This morning, as soon as I woke up, I started thinking about politics, and about the economy. I think I had been dreaming about them.
On the way to the store this morning to pick up the Sunday paper, I was thinking about how we've come to expect that politicians are going to lie to us. We expect that there will be differences of honest opinion, yes, but we expect that they're going to flat-out lie, too. Its usually okay if its our side doing it, and its usually reprehensible and vile if the other side does it.
When I was leaving the store, I passed two old men who work there doing odd jobs -- bagging, retrieving carts, and so forth.

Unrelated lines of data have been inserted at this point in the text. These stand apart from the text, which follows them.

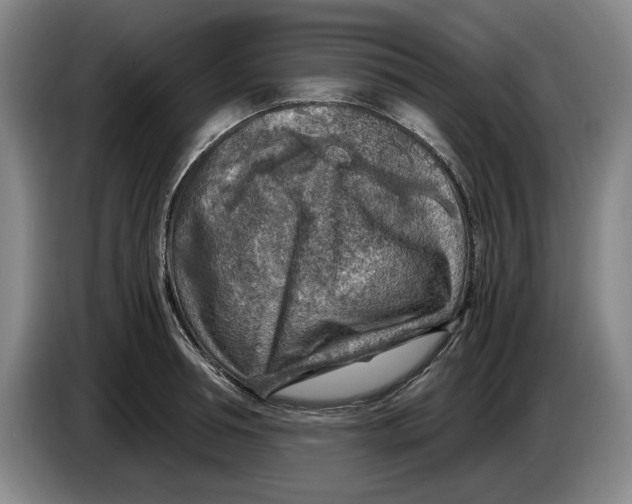 X0000084030994200703092006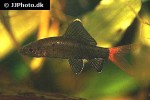 epalzeorhynchos bicolor epalzeorhynchos bicolor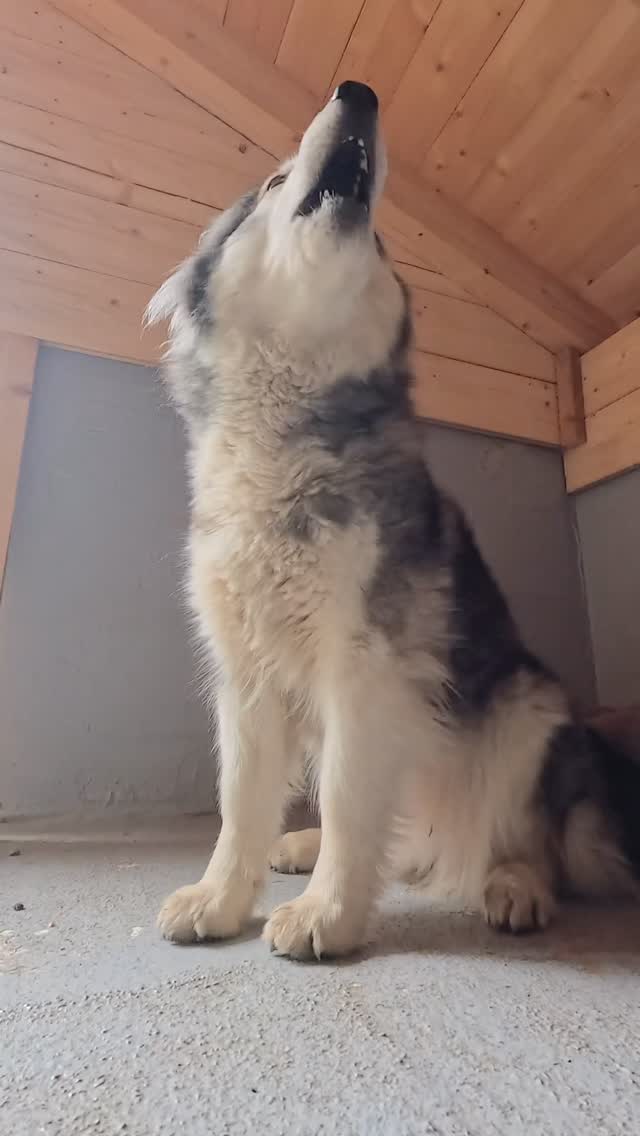 It is a gift 🎁
.
Being in this body.
.
Experiencing this projection of universe 🌍 🪐.
.
Our way brought us there. 
.
Often hard to stand. 
.
Manifesting a team with beings 🐺, that are fully connected to their core and heart ♥️.
.
Let’s say …linked to the resonance of it all ✨
.
Experience your instincts 🐺, and color 🌈 your mind.
. 
🔗 mountainhusky.com 
.
So many thx 🙏 to 
🔥 @scarpa_at 
🔥 @scarpa_world 
for the perfect footwear that provides me comfort and grip on our mountain excursions 🐾🏔️. 
#noplacetoofar 
.
🐺🏔️🎦 @basecamp_gramais @hubslindner 
#bergschulelechtal #huskymountaineering 
.
powered by 
🔥 @kreatur.work 
🔥 @hagan_ski 
🔥 @zaniergloves 
🔥 @pokusa_for_health_de 
🔥 @sledwork.de 
🔥 @benglerwald_berg_chaletdorf 
.
#pureskimountaineering 
#mymountainpassion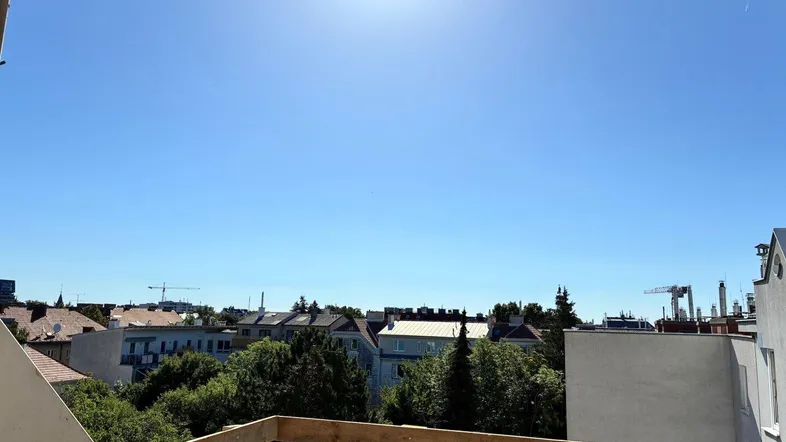Weitblick über die Stadt mit Dächern und Bäumen an einem sonnigen Tag.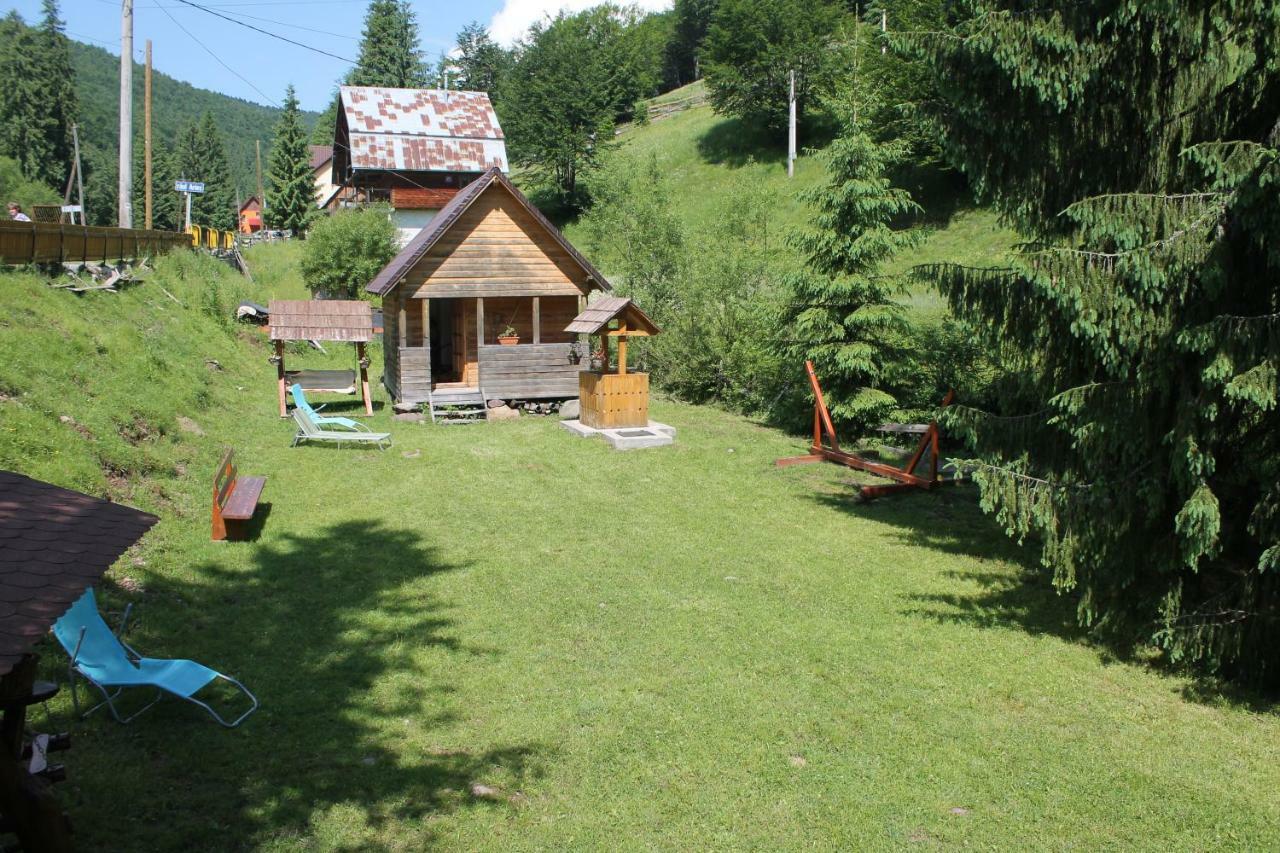 Arnica Montana Arieşeni Exterior foto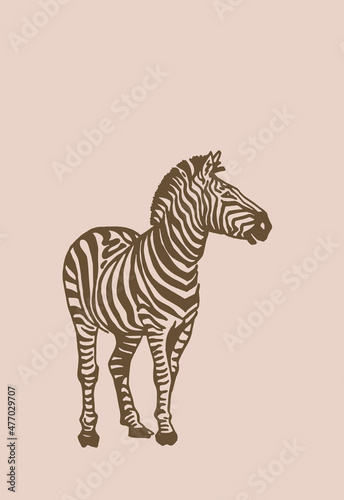 Vector vintage illustration of zebra stands and watches distance  abstract skin   savanna wild animal  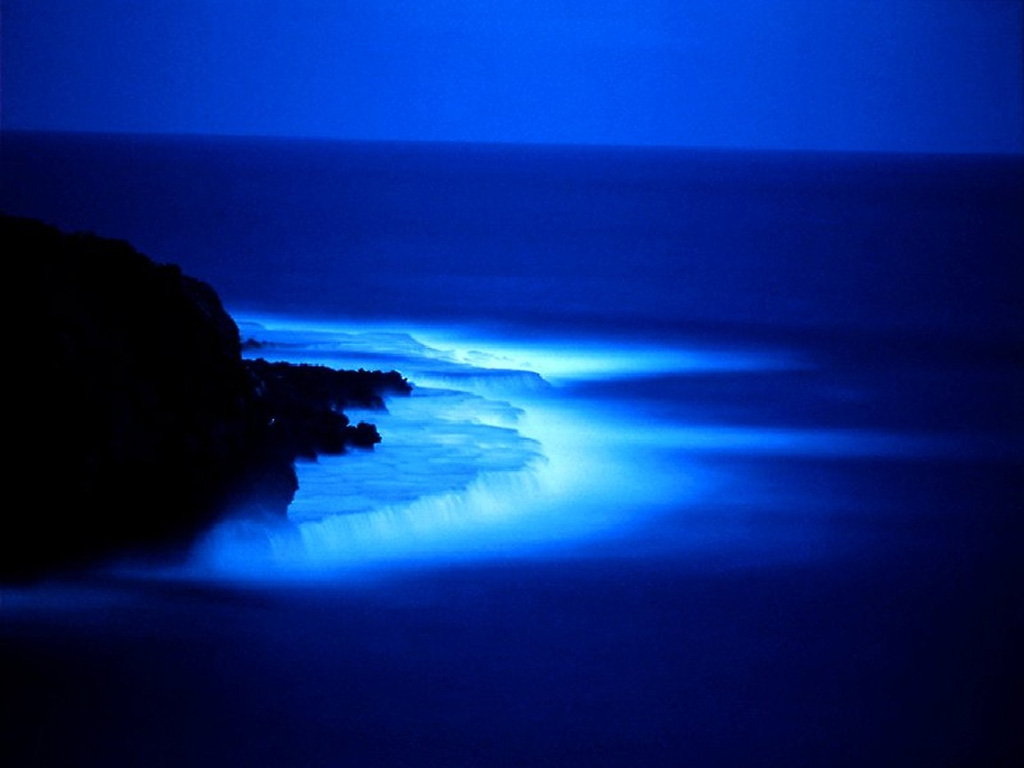 http://4.bp.blogspot.com/-LnnuBLh7C-o/T0HN5PBysLI/AAAAAAAABwg/blHoikrk69U/s1600/Nacht_Strand_Bild.jpg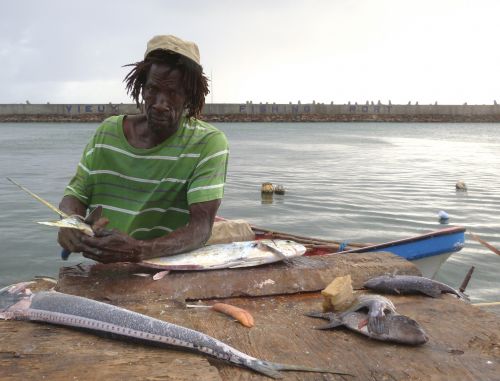 Voulez-vous m'acheter du poisson ?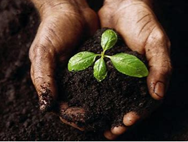 Comment Faire son Propre Compost en Appartement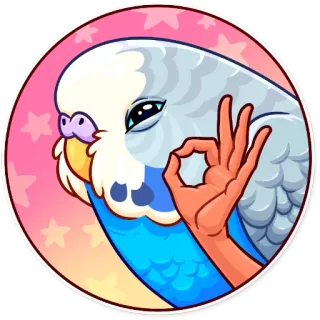 👌 pássaro, periquito, ok, gesto de mão, sinal de ok telegram sticker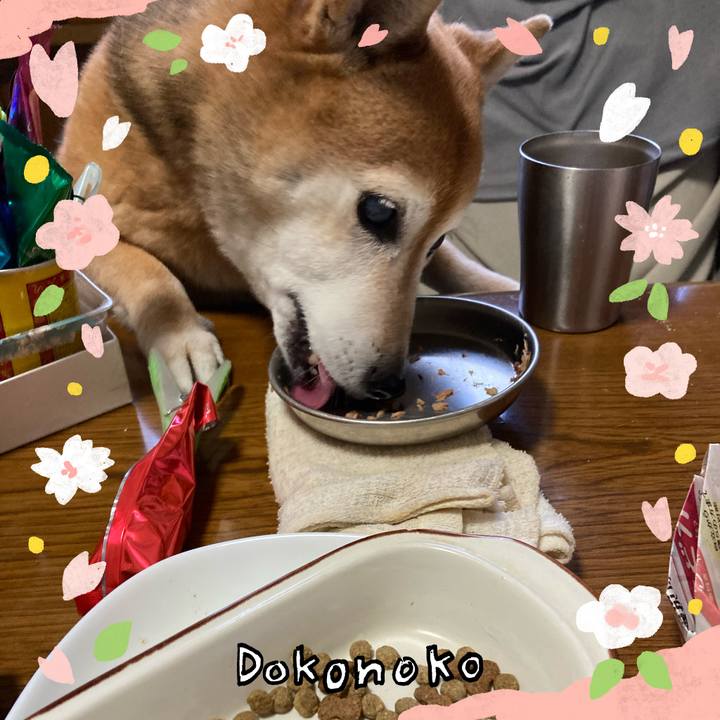 2cf4f7ed 8da7 4e78 9a7a f522d472463d 1710986921325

One was saying to the other 'Well, when I was laid off, they were laying off a whole bunch of people..."
At home, I thought that I haven't been doing much reading lately, so I picked up the copy of Bob Schieffer's America that I'd gotten from the library, and read about the Clinton push to reform campaign financing - but they wouldn't unilaterally do the right thing; they said they'd do it only if the other side did. I felt a little glow of pleasure about Obama's saying that the Democrats would not take lobbyist funds, and then I thought that he's not perfect, either - just a little bit better. I thought of how hard that must have been, turning down money - and then I thought about how he turned down federal money, too, breaking his word in the process, and opening the door to getting staggering amounts from other sources. I tried not to think about how much of those staggering amounts really is from lobbyists, just cunningly rerouted, and instead thought about how one person doing the right thing -- even if its not that right, compared to the way it ought to be -- can make a difference.
I wondered if we will turn over a country to our children who will look back at our time and think 'how simple it was, then'.
Incidentally, the book is pretty good.